"Still, we've had a great many warnings," I objected.

"I know that," she persisted, "but they have all come from very unreliable sources."

"Very well," I agreed finally, "then let's drive over to his bungalow."

Elaine ordered her little runabout and a few moments later we climbed into it and Elaine shot the car away.

As we rode along, the country seemed so quiet that no one would ever have suspected that foreign agents lurked all about. But it was just under such a cover that the nefarious bridge and harbor-mining work ordered by Del Mar's superiors was going ahead quietly.

As our car climbed a hill on the other side of which, in the valley, was a bridge, we could not see one of Del Mar's men in hiding at the top. He saw us, however, and immediately wigwagged with his handkerchief to several others down at the bridge where they were attaching a pair of wires to the planking.

"Some one coming," muttered one who was evidently a lookout.

The men stopped work immediately and hid in the brush.

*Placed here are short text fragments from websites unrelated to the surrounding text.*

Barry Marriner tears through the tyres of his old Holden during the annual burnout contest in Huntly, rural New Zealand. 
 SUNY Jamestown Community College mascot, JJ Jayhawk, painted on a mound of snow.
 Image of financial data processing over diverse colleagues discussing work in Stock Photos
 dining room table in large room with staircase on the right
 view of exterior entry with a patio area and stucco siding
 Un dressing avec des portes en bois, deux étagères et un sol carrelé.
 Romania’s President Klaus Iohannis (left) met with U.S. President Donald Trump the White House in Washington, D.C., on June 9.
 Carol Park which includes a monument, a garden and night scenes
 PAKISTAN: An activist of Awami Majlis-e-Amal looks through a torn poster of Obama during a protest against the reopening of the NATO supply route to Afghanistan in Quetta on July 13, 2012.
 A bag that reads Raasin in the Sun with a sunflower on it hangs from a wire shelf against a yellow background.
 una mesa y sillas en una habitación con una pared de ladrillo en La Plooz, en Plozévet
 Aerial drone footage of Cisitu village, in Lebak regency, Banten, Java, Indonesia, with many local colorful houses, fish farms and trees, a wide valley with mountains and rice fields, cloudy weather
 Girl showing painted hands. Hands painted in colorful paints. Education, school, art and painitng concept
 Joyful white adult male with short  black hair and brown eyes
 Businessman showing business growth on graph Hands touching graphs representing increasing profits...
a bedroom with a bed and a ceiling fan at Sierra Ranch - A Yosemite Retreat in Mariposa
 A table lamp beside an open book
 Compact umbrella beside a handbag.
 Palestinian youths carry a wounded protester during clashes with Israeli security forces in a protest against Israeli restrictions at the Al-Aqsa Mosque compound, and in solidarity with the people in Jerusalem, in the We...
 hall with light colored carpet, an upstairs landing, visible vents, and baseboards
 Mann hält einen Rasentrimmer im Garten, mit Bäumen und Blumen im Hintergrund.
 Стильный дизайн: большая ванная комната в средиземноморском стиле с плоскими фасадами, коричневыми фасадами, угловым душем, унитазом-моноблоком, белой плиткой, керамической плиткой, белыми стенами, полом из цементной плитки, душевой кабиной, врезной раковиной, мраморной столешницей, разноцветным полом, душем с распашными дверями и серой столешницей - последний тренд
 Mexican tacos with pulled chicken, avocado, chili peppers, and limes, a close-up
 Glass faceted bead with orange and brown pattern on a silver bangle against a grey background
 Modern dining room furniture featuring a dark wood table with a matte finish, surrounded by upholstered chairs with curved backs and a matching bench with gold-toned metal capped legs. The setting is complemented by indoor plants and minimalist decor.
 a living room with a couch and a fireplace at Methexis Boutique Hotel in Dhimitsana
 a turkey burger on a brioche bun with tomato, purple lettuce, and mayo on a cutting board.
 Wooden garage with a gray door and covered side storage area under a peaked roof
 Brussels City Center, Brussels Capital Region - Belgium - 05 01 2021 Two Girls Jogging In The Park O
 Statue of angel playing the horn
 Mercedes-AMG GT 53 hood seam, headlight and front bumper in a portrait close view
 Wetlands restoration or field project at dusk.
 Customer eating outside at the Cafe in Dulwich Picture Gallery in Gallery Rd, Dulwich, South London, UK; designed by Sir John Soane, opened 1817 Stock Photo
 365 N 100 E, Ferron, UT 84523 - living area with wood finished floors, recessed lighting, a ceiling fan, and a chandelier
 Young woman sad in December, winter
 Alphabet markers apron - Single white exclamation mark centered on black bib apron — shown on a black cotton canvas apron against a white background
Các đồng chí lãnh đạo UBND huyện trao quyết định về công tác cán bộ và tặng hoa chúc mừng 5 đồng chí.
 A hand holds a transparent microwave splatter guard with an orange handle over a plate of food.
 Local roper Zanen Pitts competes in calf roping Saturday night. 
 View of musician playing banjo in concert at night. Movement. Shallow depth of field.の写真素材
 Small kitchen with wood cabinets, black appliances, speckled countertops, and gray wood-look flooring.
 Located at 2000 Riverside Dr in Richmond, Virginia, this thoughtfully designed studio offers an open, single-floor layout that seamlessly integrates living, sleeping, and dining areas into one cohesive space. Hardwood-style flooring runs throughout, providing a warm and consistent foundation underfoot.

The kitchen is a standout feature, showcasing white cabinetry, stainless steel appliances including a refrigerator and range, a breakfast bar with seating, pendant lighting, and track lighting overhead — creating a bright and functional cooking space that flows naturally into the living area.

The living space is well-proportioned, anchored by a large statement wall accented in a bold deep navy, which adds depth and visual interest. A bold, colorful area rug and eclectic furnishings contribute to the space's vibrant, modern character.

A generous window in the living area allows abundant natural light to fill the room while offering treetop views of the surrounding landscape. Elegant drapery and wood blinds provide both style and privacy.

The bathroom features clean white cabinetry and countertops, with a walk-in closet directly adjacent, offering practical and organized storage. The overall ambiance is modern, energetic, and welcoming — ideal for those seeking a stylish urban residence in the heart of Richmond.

Our car passed over the bridge and we saw nothing wrong. But no sooner had we gone than the men crept out and resumed work which had progressed to the point where they were ready to carry the wires of an electric connection through the grass, concealing them as they went.

In the study of his bungalow, all this time, Del Mar was striding angrily up and down, while his men waited in silence.

Finally he paused and turned to one of them. "See that the coast is clear and kept clear," he ordered. "I want to go down."